## Data Cleaning with spark
### in this notebook the useless columns will be removed

### **PLEASE NOTE :**  
### Since this script stores the results in hadoop, execute it only once, otherwise an error will be thrown

---

### Import Libraries

In [60]:
# import libraries
import pandas as pd
import pyspark as ps
from pyspark.sql.functions import col, sum
from pyspark.sql.types import StructType, StructField, StringType, IntegerType, FloatType
from pyspark.sql import SparkSession
from pyspark.sql.functions import lit
import findspark

### Initialize Spark

In [61]:
# Locate the spark installation
findspark.init()

# Initialize a SparkContext
spark = SparkSession.builder.appName("data_cleaning").getOrCreate()
spark.stop()
sc = ps.SparkContext(appName="data_cleaning")

# Initialize the Session
spark_session = ps.sql.SparkSession(sc)

### Connect and import data from HDFS directly into a Spark DataFrame

In [62]:
# Define schema for better manipulation

data_schema = StructType([
    StructField("Title", StringType(), True),
    StructField("description", StringType(), True),
    StructField("authors", StringType(), True),
    StructField("image", StringType(), True),
    StructField("previewLink", StringType(), True),
    StructField("publisher", StringType(), True),
    StructField("publishedDate", StringType(), True),
    StructField("infoLink", StringType(), True),
    StructField("categories", StringType(), True),
    StructField("ratingsCount", FloatType(), True)
])

ratings_schema = StructType([
    StructField("Id", IntegerType(), True),
    StructField("Title", StringType(), True),
    StructField("Price", FloatType(), True),
    StructField("User_id", IntegerType(), True),
    StructField("profileName", StringType(), True),
    StructField("review/helpfulness", StringType(), True),
    StructField("review/score", FloatType(), True),
    StructField("review/time", IntegerType(), True),
    StructField("review/summary", StringType(), True),
    StructField("review/text", StringType(), True)
])

# Load the data

df_data = spark_session.read.option('escape', '"').csv(
    'hdfs://localhost:9900/user/book_reviews/books_data.csv', header=True, schema=data_schema)
df_ratings = spark_session.read.option('escape', '"').csv(
    'hdfs://localhost:9900/user/book_reviews/books_rating.csv', header=True, schema=ratings_schema)

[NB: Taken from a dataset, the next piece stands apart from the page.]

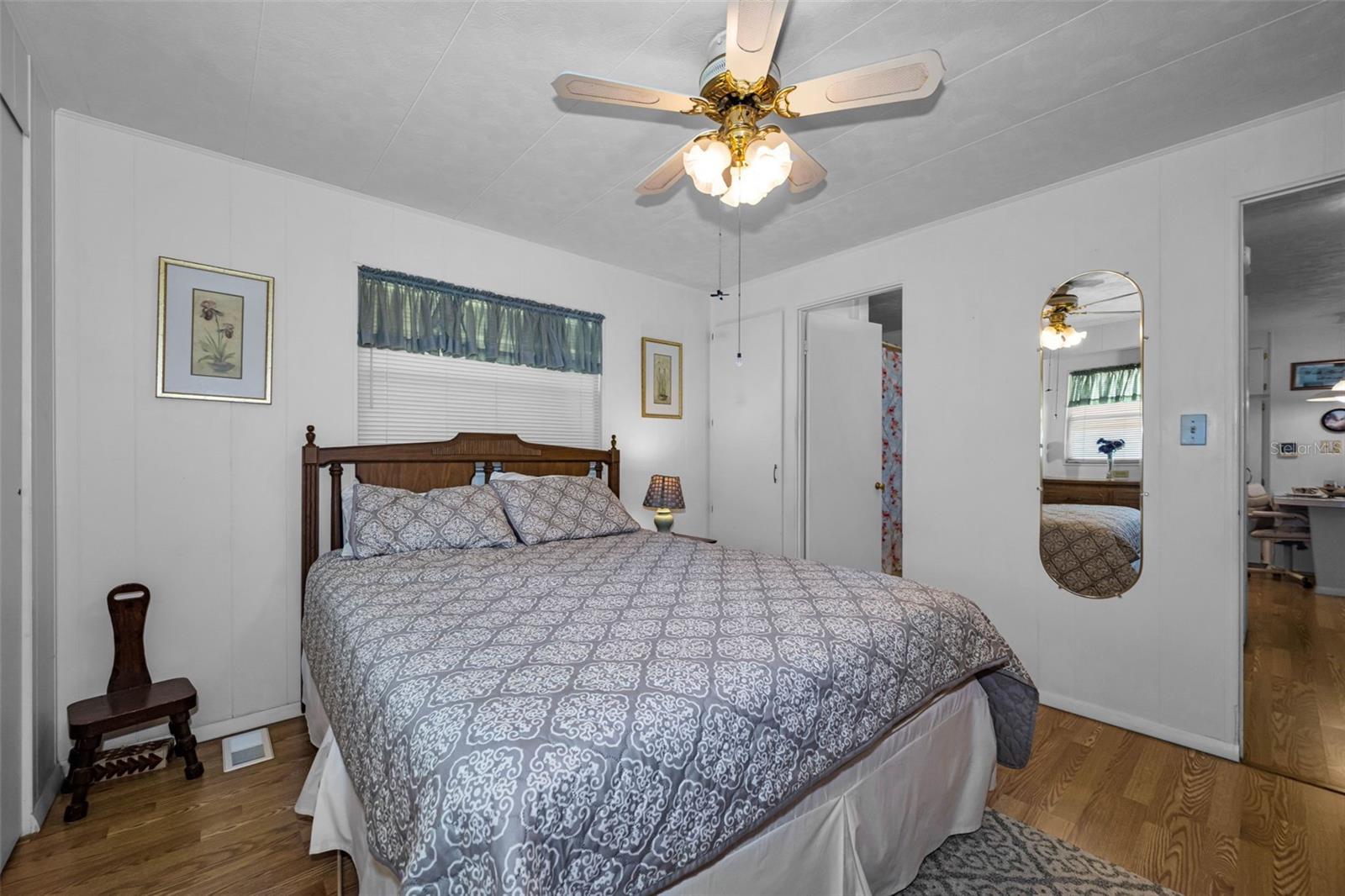 29 CONCORD LN #11, PALM HARBOR, FL — photo 36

### Remove useless columns

In [63]:
df_ratings = df_ratings.drop(df_ratings.Id)
df_ratings.show(5)

+--------------------+-----+-------+--------------------+------------------+------------+-----------+--------------------+--------------------+
|               Title|Price|User_id|         profileName|review/helpfulness|review/score|review/time|      review/summary|         review/text|
+--------------------+-----+-------+--------------------+------------------+------------+-----------+--------------------+--------------------+
|Its Only Art If I...| null|   null|Jim of Oz "jim-of...|               7/7|         4.0|  940636800|Nice collection o...|This is only for ...|
|Dr. Seuss: Americ...| null|   null|       Kevin Killian|             10/10|         5.0| 1095724800|   Really Enjoyed It|I don't care much...|
|Dr. Seuss: Americ...| null|   null|        John Granger|             10/11|         5.0| 1078790400|Essential for eve...|If people become ...|
|Dr. Seuss: Americ...| null|   null|Roy E. Perry "ama...|               7/7|         4.0| 1090713600|Phlip Nel gives s...|Theodore Seuss

### Add a column that contains the value *R* for the ratings table and *D* for books data table.   
### This column will be used during the mapReduce, to distinguish the two tables 

In [64]:
df_ratings = df_ratings.withColumn("Table", lit("R"))
df_data = df_data.withColumn("Table", lit("D"))
df_ratings.show(5)
df_data.show(5)

+--------------------+-----+-------+--------------------+------------------+------------+-----------+--------------------+--------------------+-----+
|               Title|Price|User_id|         profileName|review/helpfulness|review/score|review/time|      review/summary|         review/text|Table|
+--------------------+-----+-------+--------------------+------------------+------------+-----------+--------------------+--------------------+-----+
|Its Only Art If I...| null|   null|Jim of Oz "jim-of...|               7/7|         4.0|  940636800|Nice collection o...|This is only for ...|    R|
|Dr. Seuss: Americ...| null|   null|       Kevin Killian|             10/10|         5.0| 1095724800|   Really Enjoyed It|I don't care much...|    R|
|Dr. Seuss: Americ...| null|   null|        John Granger|             10/11|         5.0| 1078790400|Essential for eve...|If people become ...|    R|
|Dr. Seuss: Americ...| null|   null|Roy E. Perry "ama...|               7/7|         4.0| 1090713600

### Store the results in hadoop

In [65]:
df_ratings.repartition(1).write.option('escape', '"').csv(
    'hdfs://localhost:9900/user/book_reviews/books_rating.csv', mode='overwrite', header=True)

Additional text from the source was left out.